So reads the Diamondback article in today’s paper. I’m also told we got covered by another local paper and by NPR (scroll down to middle of the page). In the past College Park elections student turnout had not broken 50 voters total, but I counted 80 students in our march alone, and there were many students in class during the march, but that voted with assistance from our group’s candidate interviews that we gathered over a two month period, as well as our endorsements. I am very confident in saying we turned out over 100 students for the day voting in a bloc for candidates that were the strongest based on our Green Platform. All in all, we endorsed 7 out of the 9 available seats if you include the Mayor, and 5 out of 7 were victorious(see results). This includes the rare election of a graduate student candidate who was very strong on our issues. The way the city council works is there are 8 council seats and the Mayor. The Mayor votes if there is a 4-4 tie on an issue. Although we feel unfortunate that 2 of the candidates we supported didn’t win, with 4 of our standouts getting elected, along with an environmental activist Mayor, UMD for Clean Energy is expecting to accomplish a lot on the environment, responsible development, sustainable transportation, clean energy, and energy conservation over the next 2 years.

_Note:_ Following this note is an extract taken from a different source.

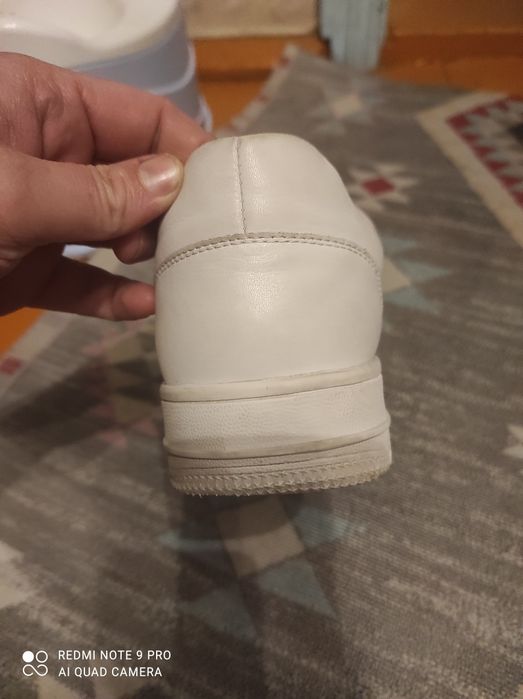Кроссовки  коженные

We were also very well received by the candidates, which is uncommon in these elections where students and the rest of the city clash. The candidate for Mayor Andy Fellows and a candidate for District 4 Mary Cook marched with us to the polls, and District 3 candidate Mark Cook sent some of his supporters to our rally. As the election results were announced, both winning and losing candidates expressed their appreciation to us for our group’s efforts to bring our issues to the forefront of the election. A few who went up to talk about their priorities for the next 2 years mentioned our group’s efforts, and talked about how the city needed to become a leader on green issues. In an unanticipated turn of events, I was called up to the microphone at one point to talk about UMD for Clean Energy’s efforts in the city council elections, how we achieved record student turnout, how much we had learned from interviewing the candidates, and our goals for the next 2 years.
In short, although we would like our green voting bloc to make up even larger portions of candidates votes in the future, I think that the election phase of the Green for College Park campaign has been a success in that we achieved record student turnout and involvement, our endorsements got the attention of the residents, and we brought our issues to the forefront of candidates platforms, and priorities. If the 2008 Federal elections are a teaching lesson, it’s that record youth turnout on green issues is only a starting point. Now it’s time to get things done. Notable excerpts from Diamondback article are quoted below.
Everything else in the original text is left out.